Using GraphQLite with Other SQLite Extensions
GraphQLite is a standard SQLite extension and can share a connection with other SQLite extensions, including sqlite-vec (vector search), sqlite-fts5 (full-text search), and others.
Loading GraphQLite into an Existing Connection
If you already have a sqlite3.Connection, use graphqlite.load() to add GraphQLite functions to it:
import sqlite3
import graphqlite
conn = sqlite3.connect("combined.db")
graphqlite.load(conn)
# Both the graph functions and the raw database are now available on conn
conn.execute("SELECT cypher('CREATE (n:Page {title: \"Home\"})')")
conn.execute("SELECT * FROM nodes")
Wrapping an Existing Connection
graphqlite.wrap() loads GraphQLite into an existing sqlite3.Connection and returns a Connection object that exposes the cypher() method:
import sqlite3
import graphqlite
raw_conn = sqlite3.connect("combined.db")
conn = graphqlite.wrap(raw_conn)
# Use the graphqlite Connection API
conn.cypher("CREATE (n:Page {title: 'Home'})")
results = conn.cypher("MATCH (n:Page) RETURN n.title")

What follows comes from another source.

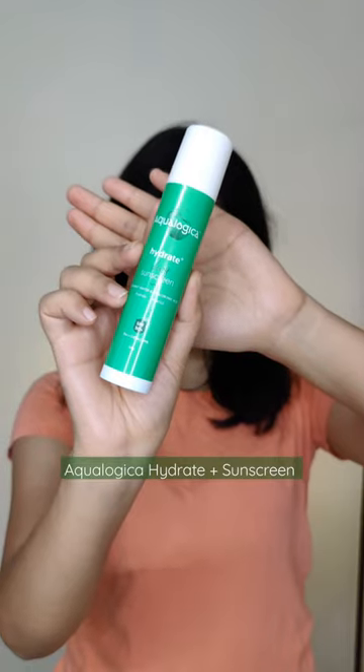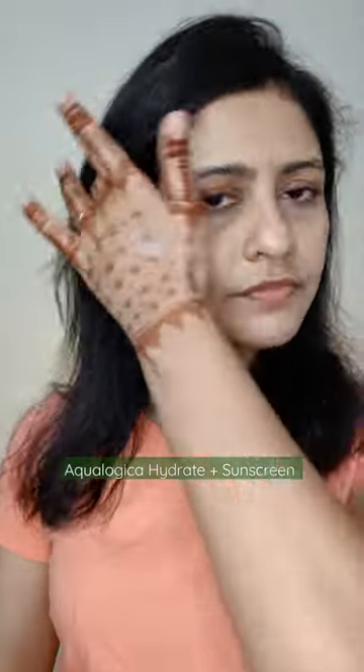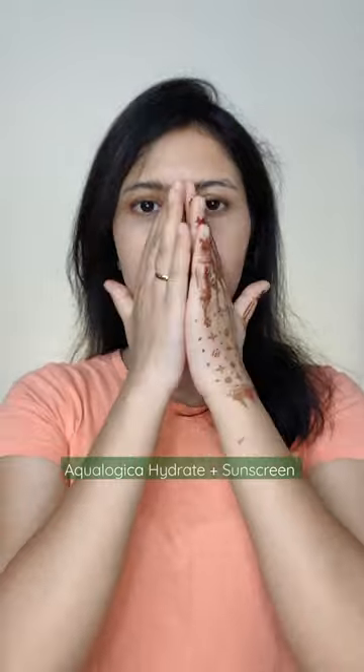Next I have the Hydrate Plus Sunscreen. It has a watery formula that blends easily. It has hyaluronic acid and can be used by dry and dehydrated skin types. It's not too heavy and has hybrid sun filters for protection. It leaves a dewy finish with no white cast.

# Access the underlying sqlite3.Connection for raw SQL
raw_conn.execute("SELECT COUNT(*) FROM nodes").fetchone()
Loading Multiple Extensions
Load GraphQLite first (it creates the graph schema tables), then load other extensions:
import sqlite3
import graphqlite
conn = sqlite3.connect("combined.db")
# 1. Load GraphQLite (creates schema tables)
graphqlite.load(conn)
# 2. Load other extensions
conn.enable_load_extension(True)
conn.load_extension("/path/to/other_extension")
conn.enable_load_extension(False)
This order matters: GraphQLite creates nodes, edges, and related tables on first load. If another extension has conflicting table names, loading GraphQLite first lets you detect the conflict early.

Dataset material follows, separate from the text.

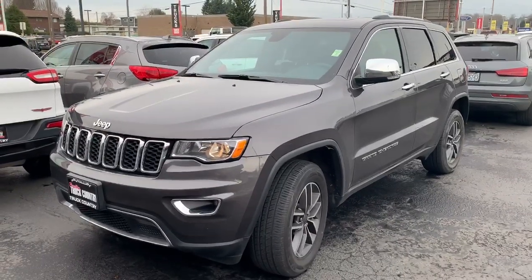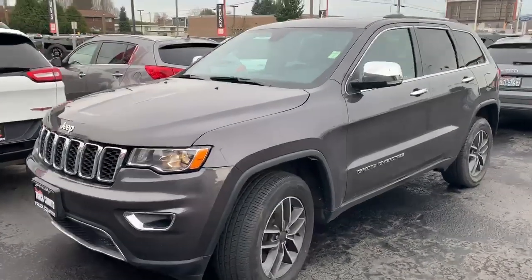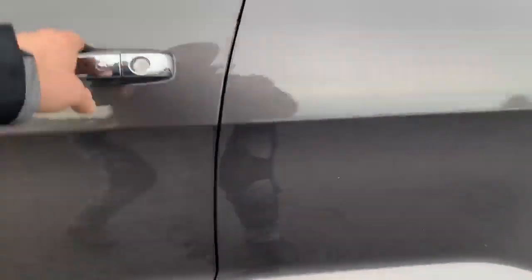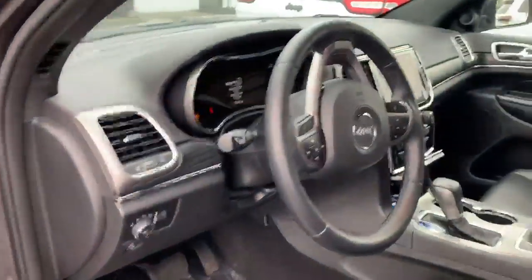Hi, this is Dan at Milam Truck Country. This is the 2019 Jeep Grand Cherokee. Super clean rig — it just needs to be washed up right now. Only got 16,000 miles on it.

Example: GraphQLite + sqlite-vec
Combine graph traversal with vector similarity search. This pattern is the foundation of GraphRAG systems: find semantically similar documents with vectors, then expand to related content via graph edges.
import sqlite3
import graphqlite
import sqlite_vec
import json
# Create and configure the connection
conn = sqlite3.connect("knowledge.db")
graphqlite.load(conn)
sqlite_vec.load(conn)
# Create graph nodes (documents)
conn.execute("SELECT cypher('CREATE (n:Document {doc_id: \"doc1\", title: \"Introduction to Graphs\"})')")
conn.execute("SELECT cypher('CREATE (n:Document {doc_id: \"doc2\", title: \"Graph Algorithms\"})')")
conn.execute("SELECT cypher('CREATE (n:Document {doc_id: \"doc3\", title: \"Vector Search\"})')")
# Link related documents in the graph
conn.execute("""
SELECT cypher('
MATCH (a:Document {doc_id: "doc1"}), (b:Document {doc_id: "doc2"})
CREATE (a)-[:RELATED_TO {strength: 0.9}]->(b)
')
""")
conn.execute("""
SELECT cypher('
MATCH (b:Document {doc_id: "doc2"}), (c:Document {doc_id: "doc3"})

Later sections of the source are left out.